17 min readMike ThriftMike Thrift
OSHA Form 300, 300A, and 301 Injury and Illness Recordkeeping in 2026: The Complete Compliance Playbook for Small and Mid-Size Employers

Every February 1, a quiet ritual plays out in break rooms, warehouse offices, and back-of-house corridors across America: a manager prints a single piece of paper, tapes it to a corkboard, and walks away. That piece of paper is OSHA Form 300A — the Annual Summary of Work-Related Injuries and Illnesses — and forgetting to post it is one of the most common recordkeeping citations OSHA writes. The penalty for a single missed posting now exceeds $16,000 per violation, and the agency increasingly chains recordkeeping failures into willful or repeat findings that climb past $160,000 per item.

The recordkeeping rules under 29 CFR Part 1904 have been on the books since 2001, but the past three years have brought the biggest changes in two decades. The 2024 final rule expanded electronic submission to require Forms 300 and 301 — not just the 300A summary — for establishments with 100 or more employees in designated high-hazard industries. The Injury Tracking Application (ITA) now publishes establishment-level data in a searchable public database. And the agency's enforcement focus has shifted toward audits of the underlying recordability decisions, not just the paperwork.
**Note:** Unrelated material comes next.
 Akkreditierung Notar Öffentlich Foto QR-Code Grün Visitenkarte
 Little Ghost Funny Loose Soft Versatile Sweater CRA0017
If you operate a construction firm, manufacturer, warehouse, hospital, restaurant, retail chain, or any other workplace with more than 10 employees, this guide will walk you through what to record, when to record it, who has to submit electronically, and how to build a recordkeeping program that survives the OSHA Compliance Safety and Health Officer (CSHO) who knocks on your door.

What the Three Forms Actually Do

OSHA's recordkeeping system rests on a three-form architecture, and confusing the forms is the most common source of compliance errors.

Form 300 is the rolling log. Every recordable work-related injury and illness during the calendar year gets one line. The log captures the case number, the employee's name (with privacy-case substitutions), the job title, the date of injury or illness, where the event occurred, a description of the injury, the outcome classification (death, days away, restricted work, other recordable), and the number of days away or restricted.

Form 300A is the annual summary. At the end of each calendar year, you total the cases from the Form 300 log into the 300A summary by case type and by injury or illness classification, sign it under penalty of perjury, and post it from February 1 through April 30 in a conspicuous workplace location. The 300A is the form your employees, former employees, and their representatives have a right to see.

Form 301 is the incident report. For each recordable case, you must complete a Form 301 (or an equivalent form like a workers' compensation first report of injury) within seven calendar days of receiving information that a recordable injury or illness occurred. The 301 captures the case detail: who, what, where, when, how the injury happened, the object or substance that directly harmed the employee, and the body part affected.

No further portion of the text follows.